アクティブユーザー数の前四半期増加率推移
地域別でデイリーアクティブユーザー数の前四半期増減率を確認すると、同社売上高の約半分を担う米国・カナダでは既に伸びなくなっており、市場が成熟しつつあることが伺えます。将来の成長をけん引する役割が期待されるアジア太平洋でも伸び率が鈍化傾向です。
地域別デイリーアクティブユーザー数の前四半期増減率
デイリーアクティブユーザーの伸び率鈍化傾向は、広告事業にとって好ましくないでしょう。同社の売上高のうち99%は広告事業です。

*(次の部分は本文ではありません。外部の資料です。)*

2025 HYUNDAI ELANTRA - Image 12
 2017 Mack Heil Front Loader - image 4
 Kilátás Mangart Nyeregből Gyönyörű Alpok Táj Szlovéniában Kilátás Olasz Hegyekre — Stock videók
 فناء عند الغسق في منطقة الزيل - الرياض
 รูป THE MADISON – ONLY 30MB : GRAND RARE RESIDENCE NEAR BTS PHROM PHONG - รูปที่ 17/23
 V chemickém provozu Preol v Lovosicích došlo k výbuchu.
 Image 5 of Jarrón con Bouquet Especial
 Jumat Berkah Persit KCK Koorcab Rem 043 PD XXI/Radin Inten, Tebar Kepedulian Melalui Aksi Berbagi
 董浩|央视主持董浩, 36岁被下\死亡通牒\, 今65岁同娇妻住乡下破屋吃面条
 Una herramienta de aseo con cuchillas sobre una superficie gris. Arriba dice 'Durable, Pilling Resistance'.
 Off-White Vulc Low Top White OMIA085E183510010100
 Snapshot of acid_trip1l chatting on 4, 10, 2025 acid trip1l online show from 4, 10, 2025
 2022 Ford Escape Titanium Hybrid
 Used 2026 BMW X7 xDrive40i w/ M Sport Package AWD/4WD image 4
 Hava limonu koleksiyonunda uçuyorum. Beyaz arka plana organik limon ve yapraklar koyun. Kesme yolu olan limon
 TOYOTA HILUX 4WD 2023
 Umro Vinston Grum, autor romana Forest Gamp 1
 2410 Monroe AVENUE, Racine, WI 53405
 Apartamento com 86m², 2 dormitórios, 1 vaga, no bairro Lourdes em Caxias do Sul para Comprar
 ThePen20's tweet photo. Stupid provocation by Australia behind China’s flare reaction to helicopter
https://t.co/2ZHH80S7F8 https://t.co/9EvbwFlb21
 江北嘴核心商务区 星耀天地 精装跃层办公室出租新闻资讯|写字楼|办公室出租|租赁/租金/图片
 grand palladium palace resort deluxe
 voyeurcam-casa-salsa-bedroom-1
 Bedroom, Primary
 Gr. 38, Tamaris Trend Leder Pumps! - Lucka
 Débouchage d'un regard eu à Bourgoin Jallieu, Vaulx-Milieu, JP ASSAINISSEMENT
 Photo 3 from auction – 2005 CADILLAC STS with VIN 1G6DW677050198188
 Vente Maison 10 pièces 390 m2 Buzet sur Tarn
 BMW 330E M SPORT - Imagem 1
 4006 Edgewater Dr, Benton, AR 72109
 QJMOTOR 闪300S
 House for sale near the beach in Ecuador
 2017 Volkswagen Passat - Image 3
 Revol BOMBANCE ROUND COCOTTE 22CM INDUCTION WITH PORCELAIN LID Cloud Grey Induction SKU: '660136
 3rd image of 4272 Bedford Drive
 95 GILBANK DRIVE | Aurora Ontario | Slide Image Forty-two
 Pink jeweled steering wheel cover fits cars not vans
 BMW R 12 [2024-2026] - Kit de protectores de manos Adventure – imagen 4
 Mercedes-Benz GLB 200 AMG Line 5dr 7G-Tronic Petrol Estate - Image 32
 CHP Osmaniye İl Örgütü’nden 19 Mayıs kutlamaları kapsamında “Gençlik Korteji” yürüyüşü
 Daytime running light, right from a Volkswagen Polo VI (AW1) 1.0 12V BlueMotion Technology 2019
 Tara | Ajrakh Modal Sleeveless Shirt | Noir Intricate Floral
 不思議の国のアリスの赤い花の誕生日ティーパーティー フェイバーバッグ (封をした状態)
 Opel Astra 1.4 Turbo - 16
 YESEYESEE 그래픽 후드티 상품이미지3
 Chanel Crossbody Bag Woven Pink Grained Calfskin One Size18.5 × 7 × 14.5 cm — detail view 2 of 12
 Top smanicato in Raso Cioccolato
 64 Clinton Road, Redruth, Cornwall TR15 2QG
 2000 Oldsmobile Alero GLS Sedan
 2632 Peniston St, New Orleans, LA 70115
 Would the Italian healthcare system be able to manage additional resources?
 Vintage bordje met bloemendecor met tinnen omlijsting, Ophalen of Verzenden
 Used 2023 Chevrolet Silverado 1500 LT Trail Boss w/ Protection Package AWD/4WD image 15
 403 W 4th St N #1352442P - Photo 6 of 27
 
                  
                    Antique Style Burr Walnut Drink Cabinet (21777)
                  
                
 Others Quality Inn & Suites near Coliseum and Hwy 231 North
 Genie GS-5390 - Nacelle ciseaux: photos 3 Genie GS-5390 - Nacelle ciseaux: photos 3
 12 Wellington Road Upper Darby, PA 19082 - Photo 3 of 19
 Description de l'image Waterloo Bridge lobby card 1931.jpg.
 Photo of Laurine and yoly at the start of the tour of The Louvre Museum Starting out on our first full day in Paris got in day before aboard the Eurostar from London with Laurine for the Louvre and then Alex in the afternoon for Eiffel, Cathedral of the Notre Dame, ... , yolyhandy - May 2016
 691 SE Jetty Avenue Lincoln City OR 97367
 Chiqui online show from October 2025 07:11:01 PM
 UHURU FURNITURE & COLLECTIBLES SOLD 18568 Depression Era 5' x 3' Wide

広告主を呼び込めなくなった場合、フェイスブックの業績は縮小せざるを得ません。
売上高構成比(2018年12月期第3四半期)
b. セキュリティー対策コスト
堅固なセキュリティーの構築や不適切なニュースフィードの管理を強化していますが、会社側は「まだまだ改善したいところがある」と述べており、会社側が目指す理想の姿が完成するまでに時間がかかりそうです。当面、セキュリティー改革に資金と時間を費やすことになるでしょう。
c. マネジメント態勢の不安定さ
フェイスブック傘下でサービスを展開してきたメンバーの退職報道が相次いでいます。メッセージアプリ「ワッツアップ」の創業者、写真共有アプリ「インスタグラム」の創業者、VRのオキュラス創業者などです。退職理由について、データ保護を重視していた「ワッツアップ」の創業者については、セキュリティーの考え方に関する対立、「インスタグラム」については、フェイスブックからの積極的な介入などが指摘されています。また、シェリル・サンドバーグCOOが、フェイスブック内のロシアの世論操作問題を取締役会に知られないように画策したという報道まで浮上しており、マネジメント態勢の不安定さが懸念されます。
成長期待
d. 消費者の需要に沿ったサービス開発
インスタントメッセージのメッセンジャーや動画の強化、中古品売買など、新しい切り口をユーザーに提案しています。しかし、インスタントメッセンジャーであればアップルの「iMessage」、動画であればアルファベットの「Youtube」、中古品売買では「イーベイ(EBAY)」など、既に巨大な競合が活躍しています。大手競合とどのように戦っていくかに注目です。